Exhibit 5: Deinol project progress during in 2015
Date |
Landmark |
H115 |
Installation of new cloning robot connected to the CAD4Bio software allowing an acceleration of strain production |
July 2015 |
The Deinol project passes 3rd (penultimate) milestone triggering a payment of €1.2m from Bpifrance |
H215 |
Installation of 20 new fermenters to speed up testing of different strains/substrates |
November 2015 |
Successful production of ethanol (7.3% v/v) at the 300L scale |
Date |
H115 |
July 2015 |
H215 |
November 2015 |
Landmark |
Installation of new cloning robot connected to the CAD4Bio software allowing an acceleration of strain production |
The Deinol project passes 3rd (penultimate) milestone triggering a payment of €1.2m from Bpifrance |
Installation of 20 new fermenters to speed up testing of different strains/substrates |
Successful production of ethanol (7.3% v/v) at the 300L scale |
Source: Deinove, Edison Investment Research
The Deinobiotics programme seeks to develop from the Deinococcus bacterium, antibiotics able to fight infections that have developed resistance to currently available antibiotics. In March 2013 Deinove established a dedicated company, Deinobiotics, to which it contributed the intellectual property rights associated with its research on antibiotics and the transfer of research funding. Deinove retains 49% of the new entity with the other major shareholder, Holding Incubator Green Chemistry (51%). Deinove retains the right to buy back, at a predetermined but undisclosed price, all the shares sold to Holding Incubator Green Chemistry. The business remains in the research and development stage, and Deinove’s participation is now limited to operational monitoring. We assign no value to this business in our DCF valuation of the company.

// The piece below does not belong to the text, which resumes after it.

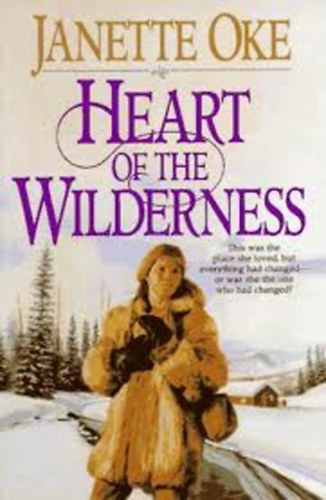 Janette Oke - Heart of the Wilderness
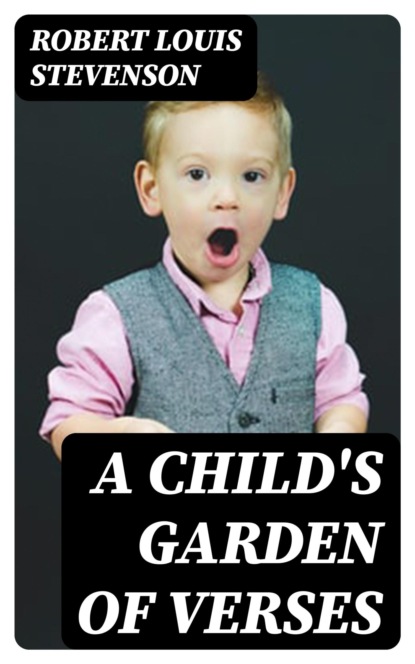 A Child's Garden of Verses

Deinove is a participant in a collaborative project, known as THANAPLAST, aimed at improving the life cycle of plastics. The project, which commenced in 2012, is a five-year programme estimated to cost €22m, of which €9.6m will be funded by OSEO. The THANAPLAST project includes a number of partners including Carbios, a green chemistry company, other industrial partners (Barbier Group and Limagrain), and a number of academic institutions.
During the last year Carbios has achieved important success with the first time full depolymerisation of commercial PET (polyethylene terephthalate) material. The company has depolymerised 100% of sample PET material and regenerated original monomers that display characteristics and quality identical to those obtained by fossil energy base processes. For Carbios, the most recent achievement of successful depolymerisation of PET material into original monomers is an important step towards scaling up its plastic recycling and sustainable plastics production technology. PET is the most advanced of the company's processes and a very important future end-market. For more details see Edison’s note (Acceleration of development visible in results, 11 April 2016).
Deinove retains c 2% of the capital of Carbios and a number of warrants that may allow it to triple its shareholding. Carbios listed on the Alternext in December 2013 and at its current share price of c €11.1, is capitalised at c €42m. With Carbios priced at €11 per share Deinove’s holding is worth c €1m. We do not assume any revenue from the THANAPLAST project in our modelling of Deinove, nor do we include any value related to its holding in Carbios.